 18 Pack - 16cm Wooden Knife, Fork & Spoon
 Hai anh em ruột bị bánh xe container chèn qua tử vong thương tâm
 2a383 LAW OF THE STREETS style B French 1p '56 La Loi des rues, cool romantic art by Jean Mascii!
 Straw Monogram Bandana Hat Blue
---
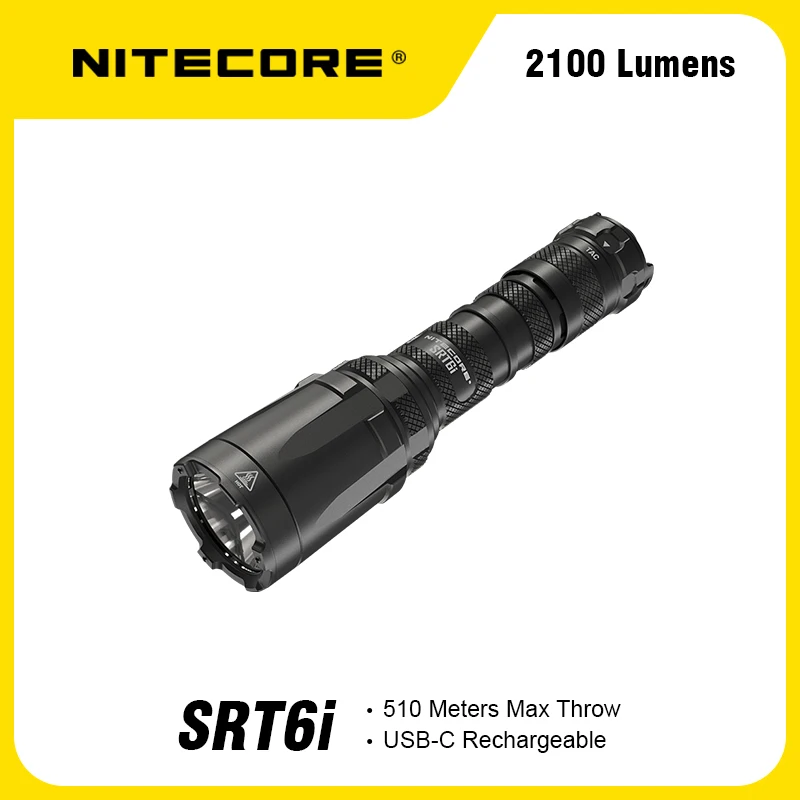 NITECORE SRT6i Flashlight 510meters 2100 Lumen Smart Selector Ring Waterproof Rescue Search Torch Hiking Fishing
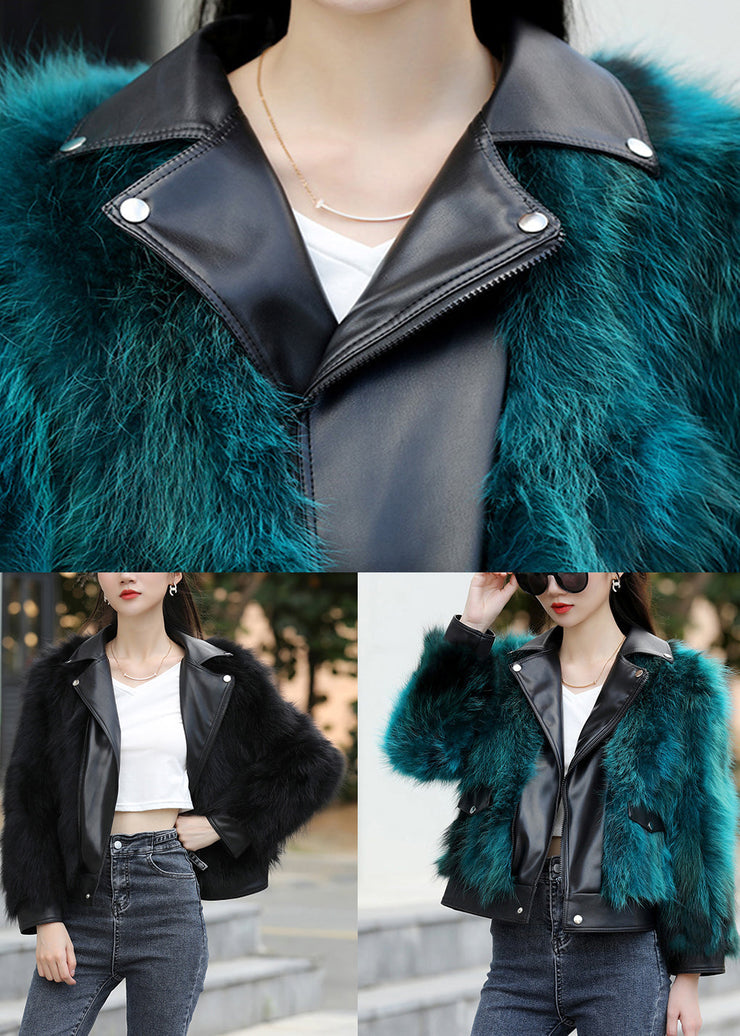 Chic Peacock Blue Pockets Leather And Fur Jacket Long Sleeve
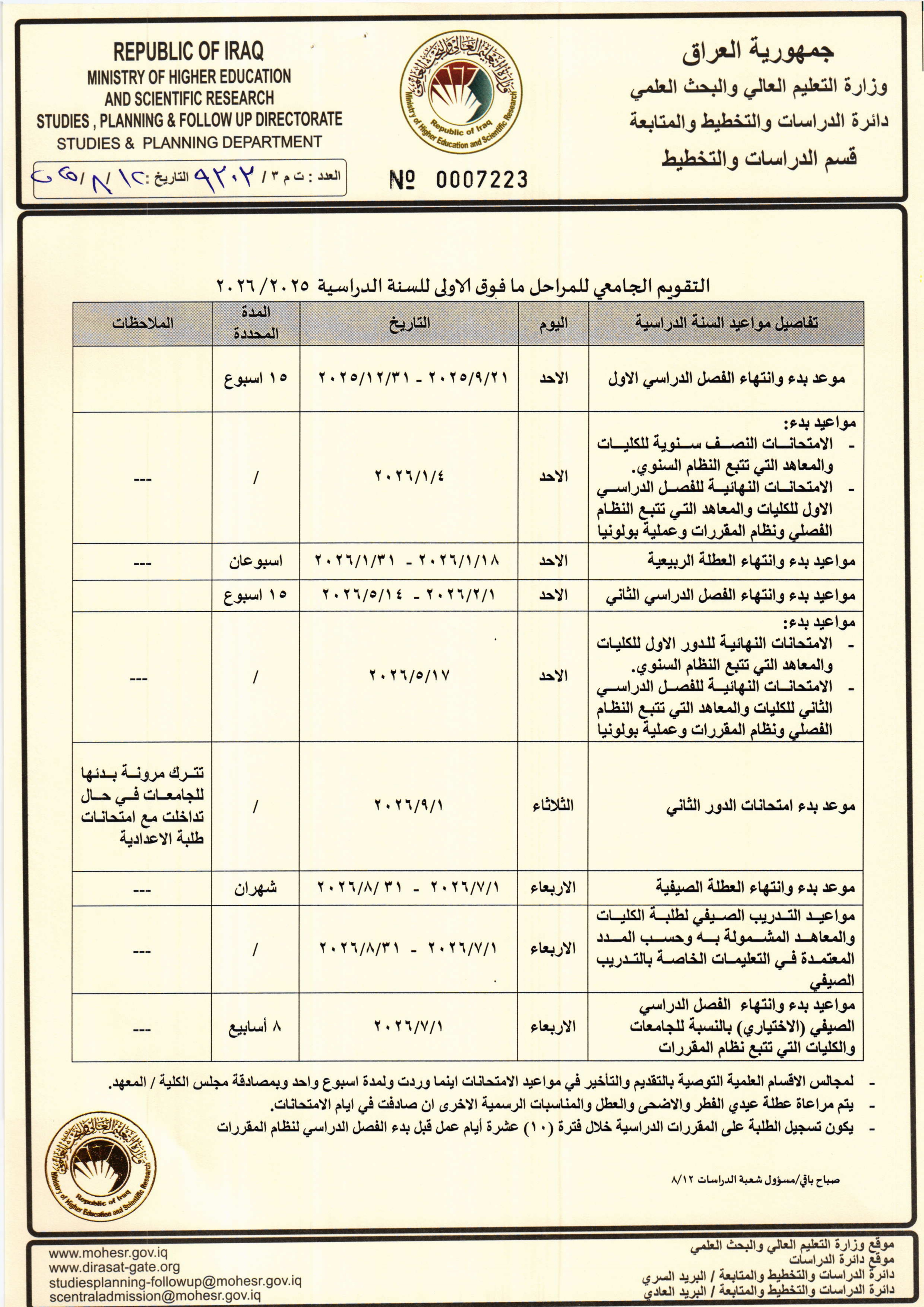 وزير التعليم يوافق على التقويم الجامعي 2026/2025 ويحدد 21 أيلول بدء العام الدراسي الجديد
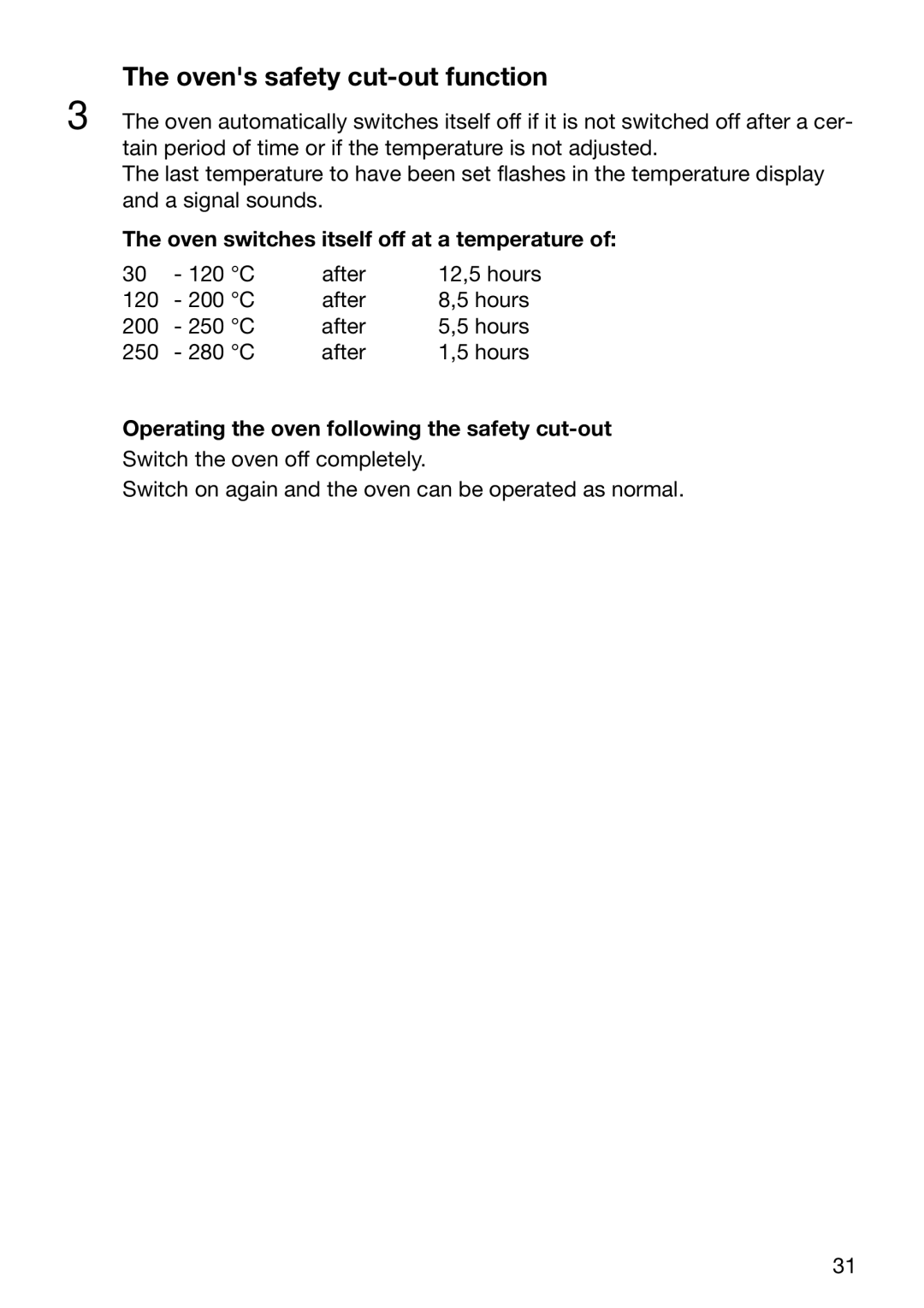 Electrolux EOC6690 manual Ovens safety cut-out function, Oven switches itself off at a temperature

:: Task to carry out ::
Wherever the line holding "18 Pack - 16cm Wooden Knife, Fork & Spoon" falls in the entries above, copy exactly from it through the line holding "Straw Monogram Bandana Hat Blue", inclusive, and add nothing.

:: Solution ::
 18 Pack - 16cm Wooden Knife, Fork & Spoon
 Hai anh em ruột bị bánh xe container chèn qua tử vong thương tâm
 2a383 LAW OF THE STREETS style B French 1p '56 La Loi des rues, cool romantic art by Jean Mascii!
 Straw Monogram Bandana Hat Blue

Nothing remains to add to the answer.